#### Brief
Will you quote precisely the lines that run from the top of the material below to the line containing "2023年2324通过GLP认证的机构_第2页", both ends included?

======== Given records

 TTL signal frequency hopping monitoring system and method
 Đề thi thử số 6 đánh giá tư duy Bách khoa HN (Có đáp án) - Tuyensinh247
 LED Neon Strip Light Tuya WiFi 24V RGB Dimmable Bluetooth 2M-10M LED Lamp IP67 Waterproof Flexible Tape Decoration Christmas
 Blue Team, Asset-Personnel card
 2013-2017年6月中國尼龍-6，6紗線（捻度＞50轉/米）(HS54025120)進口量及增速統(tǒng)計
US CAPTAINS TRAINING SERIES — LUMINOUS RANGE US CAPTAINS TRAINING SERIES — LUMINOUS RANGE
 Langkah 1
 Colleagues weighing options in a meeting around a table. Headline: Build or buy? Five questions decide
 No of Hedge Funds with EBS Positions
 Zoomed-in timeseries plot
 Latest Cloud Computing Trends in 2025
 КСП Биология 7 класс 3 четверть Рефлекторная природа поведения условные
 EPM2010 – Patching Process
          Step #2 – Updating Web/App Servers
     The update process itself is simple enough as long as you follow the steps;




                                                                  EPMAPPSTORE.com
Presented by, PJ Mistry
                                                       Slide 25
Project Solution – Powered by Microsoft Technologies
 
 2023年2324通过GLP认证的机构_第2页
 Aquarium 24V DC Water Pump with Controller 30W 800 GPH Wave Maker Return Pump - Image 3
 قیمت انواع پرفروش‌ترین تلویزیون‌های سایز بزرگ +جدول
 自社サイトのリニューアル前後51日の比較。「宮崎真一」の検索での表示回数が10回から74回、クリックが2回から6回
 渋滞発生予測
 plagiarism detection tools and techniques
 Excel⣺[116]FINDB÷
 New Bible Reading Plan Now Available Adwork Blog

================

#### Solution for this exercise
 TTL signal frequency hopping monitoring system and method
 Đề thi thử số 6 đánh giá tư duy Bách khoa HN (Có đáp án) - Tuyensinh247
 LED Neon Strip Light Tuya WiFi 24V RGB Dimmable Bluetooth 2M-10M LED Lamp IP67 Waterproof Flexible Tape Decoration Christmas
 Blue Team, Asset-Personnel card
 2013-2017年6月中國尼龍-6，6紗線（捻度＞50轉/米）(HS54025120)進口量及增速統(tǒng)計
US CAPTAINS TRAINING SERIES — LUMINOUS RANGE US CAPTAINS TRAINING SERIES — LUMINOUS RANGE
 Langkah 1
 Colleagues weighing options in a meeting around a table. Headline: Build or buy? Five questions decide
 No of Hedge Funds with EBS Positions
 Zoomed-in timeseries plot
 Latest Cloud Computing Trends in 2025
 КСП Биология 7 класс 3 четверть Рефлекторная природа поведения условные
 EPM2010 – Patching Process
          Step #2 – Updating Web/App Servers
     The update process itself is simple enough as long as you follow the steps;




                                                                  EPMAPPSTORE.com
Presented by, PJ Mistry
                                                       Slide 25
Project Solution – Powered by Microsoft Technologies
 
 2023年2324通过GLP认证的机构_第2页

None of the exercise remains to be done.